La première partie de l'exposition est silencieuse, Christian Marclay développe des pièces où la sculpture naît du son. Ainsi The Beatles (1989), est un coussin houssé d'une bande sonore crochetée de tous les enregistrements du fabuleux quatuor des Beatles. Au mur, l'association de différentes pochettes de disques forme le manche d'une guitare ; trois pochettes déchirées et recomposées dans un collage donnent à Michael Jackson une énième physionomie : son visage, mais le torse d'une chanteuse noire et la jambe d'une blanche et Jim Morrisson quant à lui, prend une pose hindoue, via un bras piqué chez Cat Stevens, l'autre chez Diana Ross, et deux jambes culottées chez Santana. On retrouve aussi des pochettes de vinyle peintes ou le célèbre album blanc recouvert de bouts de chansons des Beatles au stencil. En modifiant les enveloppes de disque, l'artiste dit réfléchir sur la fonction sociale de la musique.

Les sculptures plus récentes prennent la forme d'instruments de musique impossibles car ces instruments sont techniquement inutilisables : Drumkit est une batterie reposant sur des trépieds surdimensionnés, à quatre mètres du sol, Virtuoso montre un accordéon long de sept mètres. La superbe installation Tape Fall captive le spectateur. Un magnétophone diffuse en boucle un enregistrement d'eau clapotante, tandis qu'une bande tombe en cascade sur le sol et forme une montagne grandissante. L'expérience simultanée du son de l'eau clapotante et la vue de la bande magnétique en train de tomber se mêlent en un tout insécable. On retrouve aussi de nombreux objets, moins intéressants, réalisés à partir de vinyles.
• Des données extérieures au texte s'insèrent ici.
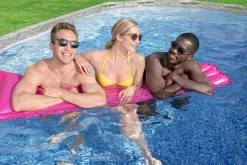 Bestway Pool Komplett-Set Steinwand-Optik 549 x 274 x 122 cm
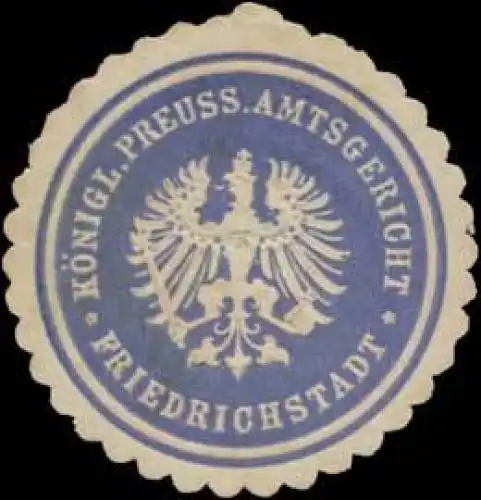 K.Pr. Amtsgericht Friedrichstadt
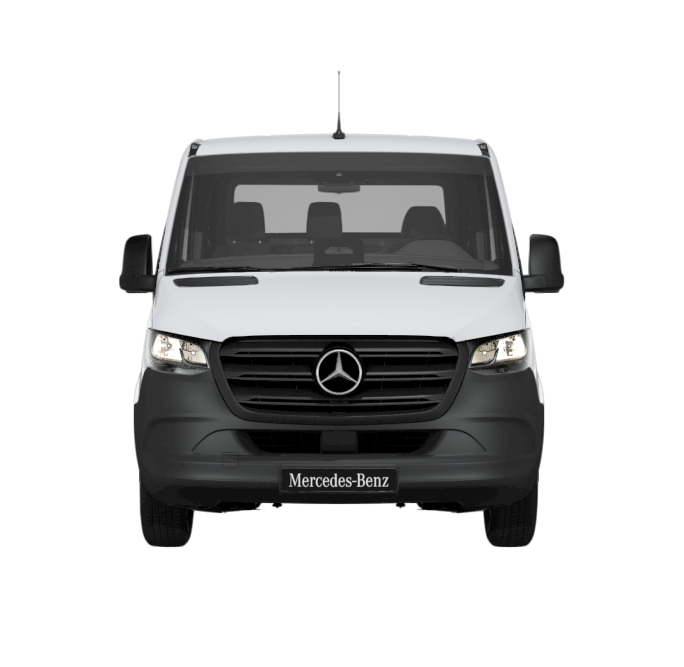 Sprinter Fahrgestell PRO 317 CDI standard mit Mittelhochpritsche von Schutz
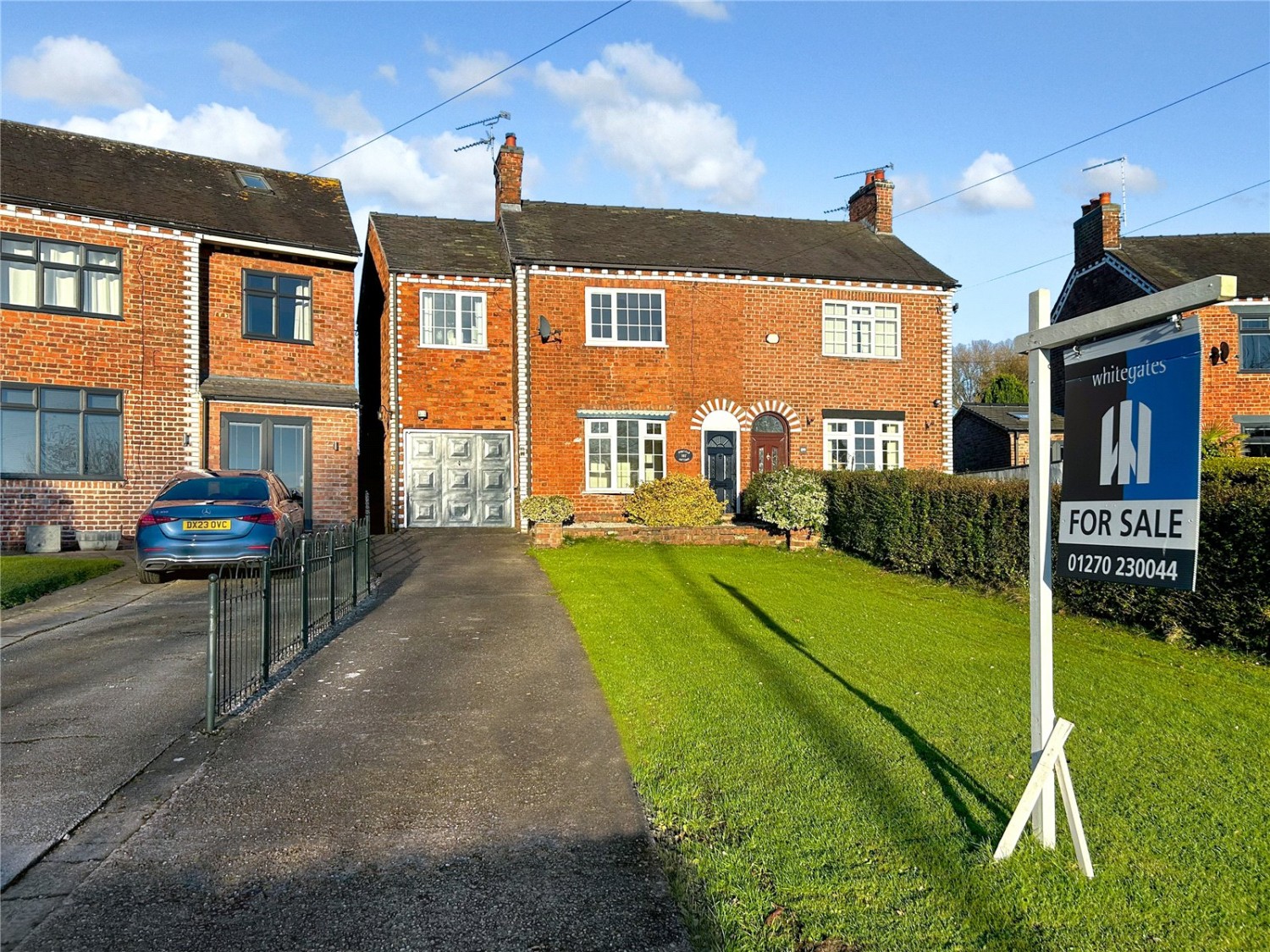Crewe Road, Nantwich, Cheshire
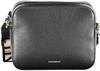 Coccinelle Damen schwarze Lederhandtasche
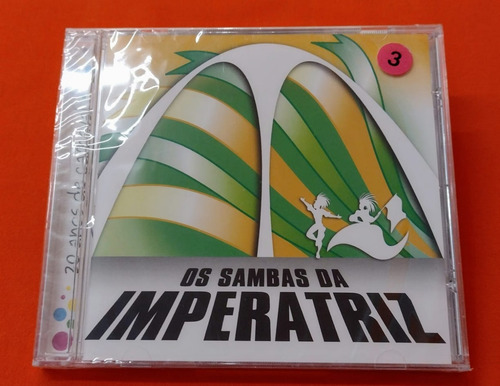 Cd Os Sambas Da Imperatriz 20 Anos De Carnaval Lacrado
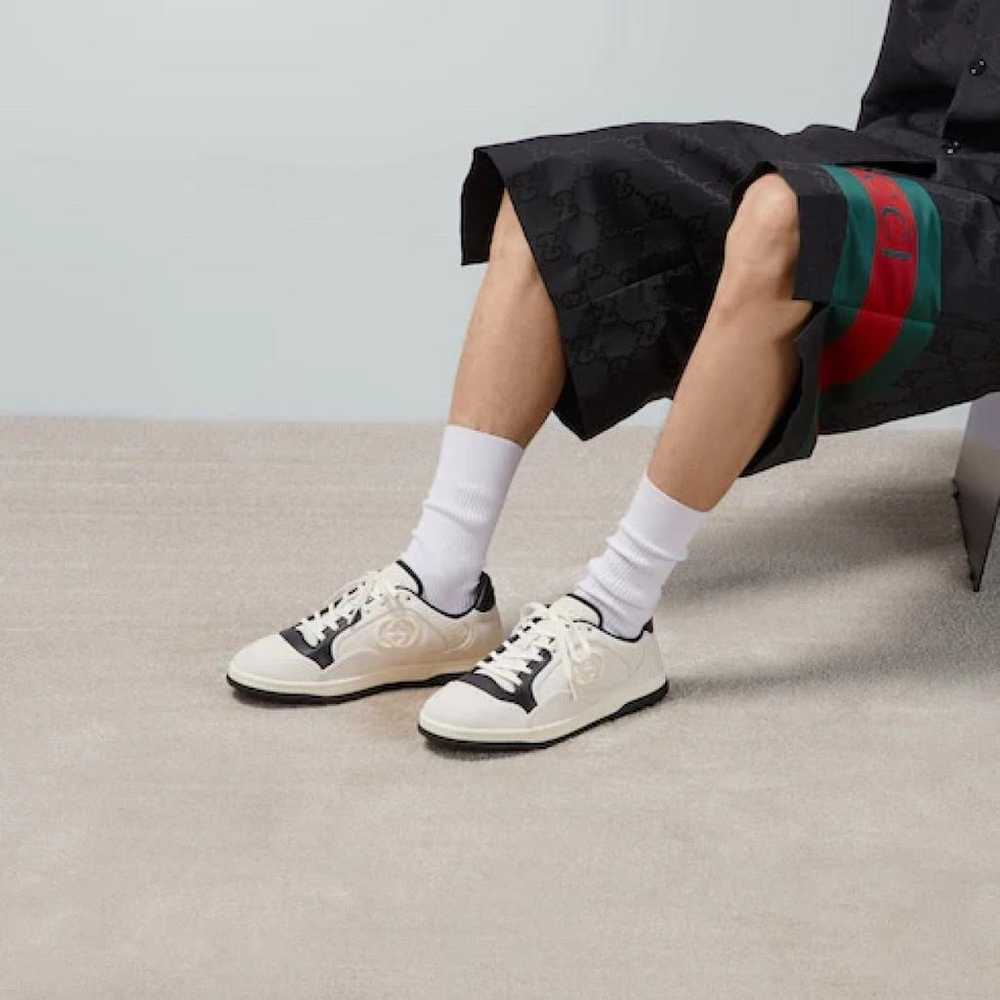 Gucci Cloth trainers - image 3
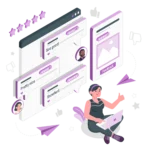 How is Social media helpful in Brand awareness in 2021 min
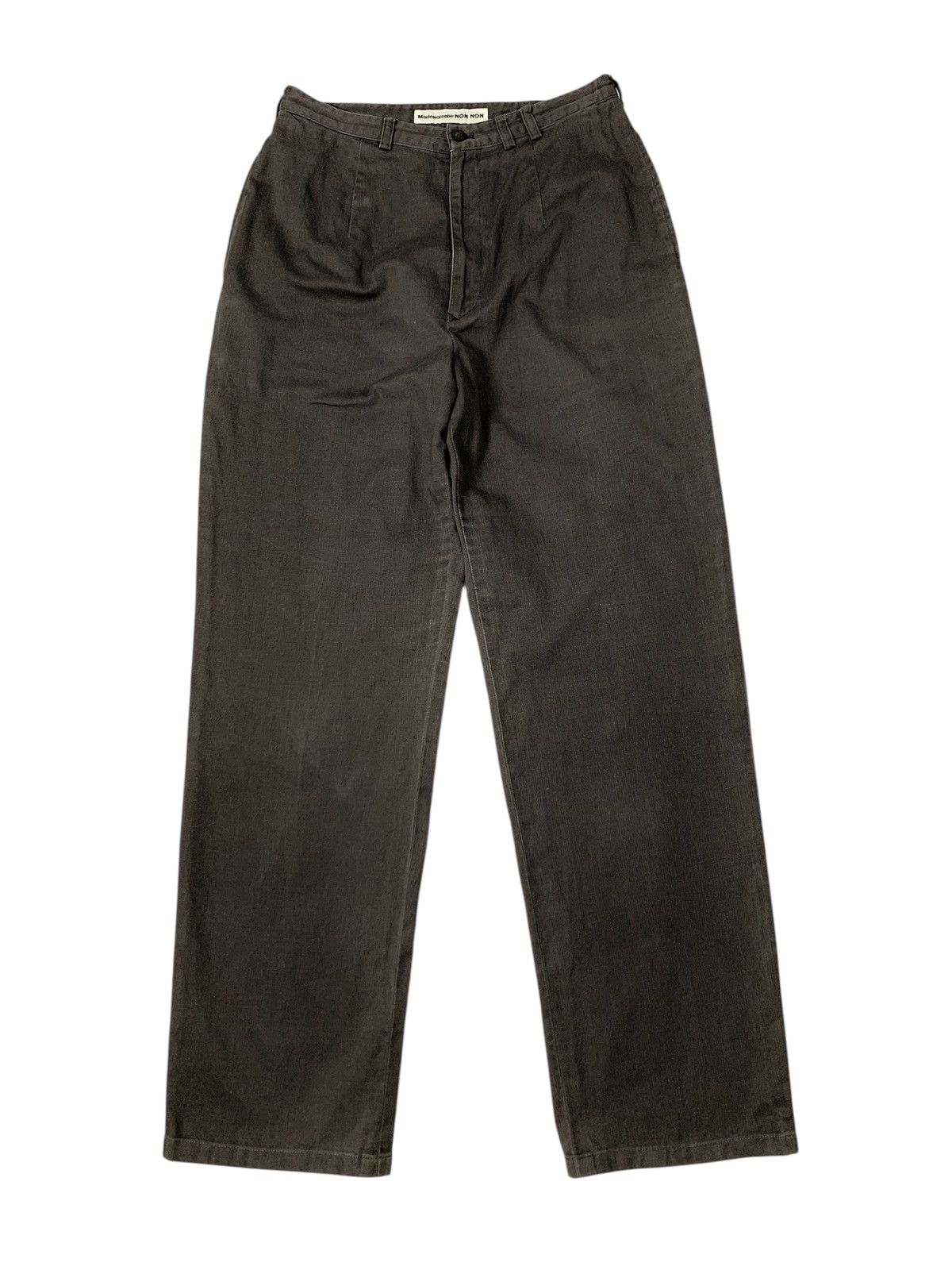 Issey Miyake issey miyake mademoiselle non non trousers Size US 28 / EU 44 - 1 Thumbnail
Les rares vidéos sont superbes : on retiendra Guitard Drag. Une guitare électrique "Fender Rollercoaster" est tirée par un "pick-up". Le camion roule sur les routes texanes. L'ampli étant branché sur le véhicule, on entend le son de la guitare. La pièce vidéo est une réponse directe à l'exécution raciste de James Byrd, assassiné de la même façon sur les routes texanes en 1998. La violence de la vidéo est singulière, l'image de la guitare qui se déchiquette est un écho sonore et visuel d'une violence qui a dû être sanguinolente visuellement. Dans Video Quartet , chef d'œuvre de l'exposition, Marclay puise des dizaines d'extraits pour constituer une pièce sur quatre écrans juxtaposés. Ces fragments cinématographiques (Psychose, Woodstock, Delivrance, Poltergeist, etc.) telle une performance musicale font office de concert. Des personnages jouent de la musique (Rubinstein), des acteurs musiciens (les frères Marx), des chanteurs (Julie Andrews), des acteurs interprétant des musiciens, ou des bruits «performés» (un papier jeté à l'eau, des claquettes, le bruit d'un robinet), se mêlent, se distordent, s'harmonisent dans un spectacle visuel et sonore. Il s'agit bien de spectacle.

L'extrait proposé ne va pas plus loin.